EXERCISE DIRECTIONS: Give again, exactly as written, each line of the material below starting at the line that contains "Okay, so once" and ending at the line that contains "Hi ladies. This". Both ends count, and no other line does.

DATA:
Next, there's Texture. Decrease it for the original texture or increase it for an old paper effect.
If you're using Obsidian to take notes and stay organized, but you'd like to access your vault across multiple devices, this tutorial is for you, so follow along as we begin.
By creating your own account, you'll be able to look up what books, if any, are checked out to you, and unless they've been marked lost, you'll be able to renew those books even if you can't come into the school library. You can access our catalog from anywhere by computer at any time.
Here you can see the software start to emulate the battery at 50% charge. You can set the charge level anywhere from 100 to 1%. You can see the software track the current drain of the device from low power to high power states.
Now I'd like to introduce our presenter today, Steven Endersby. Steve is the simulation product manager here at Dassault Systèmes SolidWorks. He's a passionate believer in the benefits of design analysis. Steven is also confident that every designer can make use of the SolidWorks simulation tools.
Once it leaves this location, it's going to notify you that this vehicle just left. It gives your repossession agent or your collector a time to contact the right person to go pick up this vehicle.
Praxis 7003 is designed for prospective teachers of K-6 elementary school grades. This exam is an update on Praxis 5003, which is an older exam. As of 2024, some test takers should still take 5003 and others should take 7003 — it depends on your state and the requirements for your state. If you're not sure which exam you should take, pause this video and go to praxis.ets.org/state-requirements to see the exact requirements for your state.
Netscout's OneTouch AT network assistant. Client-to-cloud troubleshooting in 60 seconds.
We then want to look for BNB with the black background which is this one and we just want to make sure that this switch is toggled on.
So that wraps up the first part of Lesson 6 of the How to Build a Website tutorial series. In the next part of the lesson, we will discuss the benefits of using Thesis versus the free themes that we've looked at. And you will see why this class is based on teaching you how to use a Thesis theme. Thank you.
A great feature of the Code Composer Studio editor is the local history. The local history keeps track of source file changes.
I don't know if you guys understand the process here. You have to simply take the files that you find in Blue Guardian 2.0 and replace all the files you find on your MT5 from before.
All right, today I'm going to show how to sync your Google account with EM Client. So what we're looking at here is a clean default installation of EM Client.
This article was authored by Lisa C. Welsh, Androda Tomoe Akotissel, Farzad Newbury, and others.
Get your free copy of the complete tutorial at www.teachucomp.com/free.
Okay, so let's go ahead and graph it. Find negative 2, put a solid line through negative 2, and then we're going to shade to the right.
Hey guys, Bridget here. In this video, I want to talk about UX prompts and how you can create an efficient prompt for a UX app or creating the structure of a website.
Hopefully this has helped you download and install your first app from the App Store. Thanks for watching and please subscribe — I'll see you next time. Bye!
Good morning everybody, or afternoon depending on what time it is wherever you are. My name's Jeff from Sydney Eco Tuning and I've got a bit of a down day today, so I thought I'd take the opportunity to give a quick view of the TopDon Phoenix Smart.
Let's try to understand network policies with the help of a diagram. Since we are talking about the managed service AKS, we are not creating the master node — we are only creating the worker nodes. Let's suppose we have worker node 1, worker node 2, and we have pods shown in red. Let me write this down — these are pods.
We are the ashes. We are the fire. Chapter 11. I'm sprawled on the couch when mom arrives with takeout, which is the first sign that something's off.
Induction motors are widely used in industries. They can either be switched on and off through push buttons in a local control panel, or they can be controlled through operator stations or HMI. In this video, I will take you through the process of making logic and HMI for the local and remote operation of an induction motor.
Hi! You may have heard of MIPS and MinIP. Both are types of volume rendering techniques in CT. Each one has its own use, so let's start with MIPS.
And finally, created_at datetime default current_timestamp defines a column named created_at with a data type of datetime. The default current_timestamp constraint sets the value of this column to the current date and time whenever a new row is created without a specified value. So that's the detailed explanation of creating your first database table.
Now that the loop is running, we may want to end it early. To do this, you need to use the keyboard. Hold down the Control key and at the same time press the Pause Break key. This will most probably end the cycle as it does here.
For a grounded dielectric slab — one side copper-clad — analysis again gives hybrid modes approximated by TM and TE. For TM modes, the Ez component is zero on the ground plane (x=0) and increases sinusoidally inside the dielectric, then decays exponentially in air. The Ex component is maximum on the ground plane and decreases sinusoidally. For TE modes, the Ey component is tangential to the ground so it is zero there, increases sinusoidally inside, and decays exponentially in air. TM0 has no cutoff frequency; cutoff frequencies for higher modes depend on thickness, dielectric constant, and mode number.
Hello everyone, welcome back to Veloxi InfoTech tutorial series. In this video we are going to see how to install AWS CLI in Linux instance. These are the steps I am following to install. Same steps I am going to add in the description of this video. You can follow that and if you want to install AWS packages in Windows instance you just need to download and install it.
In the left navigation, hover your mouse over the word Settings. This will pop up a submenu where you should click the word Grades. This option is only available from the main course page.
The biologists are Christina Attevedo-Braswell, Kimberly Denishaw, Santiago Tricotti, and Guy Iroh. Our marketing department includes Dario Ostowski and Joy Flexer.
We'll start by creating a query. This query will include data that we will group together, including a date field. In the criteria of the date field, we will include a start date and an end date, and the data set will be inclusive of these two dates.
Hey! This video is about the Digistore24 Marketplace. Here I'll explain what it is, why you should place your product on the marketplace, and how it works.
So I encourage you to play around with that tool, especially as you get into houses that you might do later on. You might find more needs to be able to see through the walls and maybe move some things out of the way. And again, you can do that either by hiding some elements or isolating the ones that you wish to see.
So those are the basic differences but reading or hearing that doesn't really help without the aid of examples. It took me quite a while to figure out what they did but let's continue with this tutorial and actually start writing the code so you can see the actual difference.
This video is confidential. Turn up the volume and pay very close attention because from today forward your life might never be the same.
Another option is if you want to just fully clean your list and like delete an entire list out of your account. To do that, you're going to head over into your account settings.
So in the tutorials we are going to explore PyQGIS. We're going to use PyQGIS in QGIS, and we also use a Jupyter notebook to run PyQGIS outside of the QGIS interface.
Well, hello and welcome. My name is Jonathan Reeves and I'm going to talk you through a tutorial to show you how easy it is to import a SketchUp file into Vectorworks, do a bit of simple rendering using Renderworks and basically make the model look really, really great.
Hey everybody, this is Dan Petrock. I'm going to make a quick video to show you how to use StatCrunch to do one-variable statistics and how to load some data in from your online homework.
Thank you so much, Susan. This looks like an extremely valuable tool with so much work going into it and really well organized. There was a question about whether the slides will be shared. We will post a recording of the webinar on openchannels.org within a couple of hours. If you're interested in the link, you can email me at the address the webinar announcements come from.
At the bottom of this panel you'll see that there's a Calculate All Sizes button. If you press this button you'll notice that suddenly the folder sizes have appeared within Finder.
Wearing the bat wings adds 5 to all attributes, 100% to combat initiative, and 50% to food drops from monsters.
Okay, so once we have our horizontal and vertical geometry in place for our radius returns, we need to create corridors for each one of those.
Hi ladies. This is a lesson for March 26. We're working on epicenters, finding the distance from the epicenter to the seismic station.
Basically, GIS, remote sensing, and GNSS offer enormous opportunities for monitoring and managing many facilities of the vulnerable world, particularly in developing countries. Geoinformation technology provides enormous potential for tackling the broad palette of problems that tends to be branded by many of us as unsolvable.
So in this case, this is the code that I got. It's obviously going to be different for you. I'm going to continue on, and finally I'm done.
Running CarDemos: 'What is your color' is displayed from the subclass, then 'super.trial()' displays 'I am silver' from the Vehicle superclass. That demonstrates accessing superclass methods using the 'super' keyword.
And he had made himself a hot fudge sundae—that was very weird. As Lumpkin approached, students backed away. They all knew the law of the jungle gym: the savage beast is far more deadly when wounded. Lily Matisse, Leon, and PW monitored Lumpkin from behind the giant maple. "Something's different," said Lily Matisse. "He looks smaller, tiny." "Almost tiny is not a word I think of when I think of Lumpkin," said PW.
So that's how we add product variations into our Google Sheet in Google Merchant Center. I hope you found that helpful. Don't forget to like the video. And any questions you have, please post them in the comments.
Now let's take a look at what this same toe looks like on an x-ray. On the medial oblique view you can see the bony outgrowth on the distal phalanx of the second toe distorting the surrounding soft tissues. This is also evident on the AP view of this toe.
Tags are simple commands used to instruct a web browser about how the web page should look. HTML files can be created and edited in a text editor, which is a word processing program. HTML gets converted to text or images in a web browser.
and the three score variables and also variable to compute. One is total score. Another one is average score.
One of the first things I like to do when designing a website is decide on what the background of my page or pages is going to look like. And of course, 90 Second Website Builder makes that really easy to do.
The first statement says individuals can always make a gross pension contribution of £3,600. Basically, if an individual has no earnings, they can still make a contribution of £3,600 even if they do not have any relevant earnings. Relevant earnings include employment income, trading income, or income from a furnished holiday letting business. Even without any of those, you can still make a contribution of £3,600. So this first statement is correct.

ANSWER TO THIS TASK:
Okay, so once we have our horizontal and vertical geometry in place for our radius returns, we need to create corridors for each one of those.
Hi ladies. This is a lesson for March 26. We're working on epicenters, finding the distance from the epicenter to the seismic station.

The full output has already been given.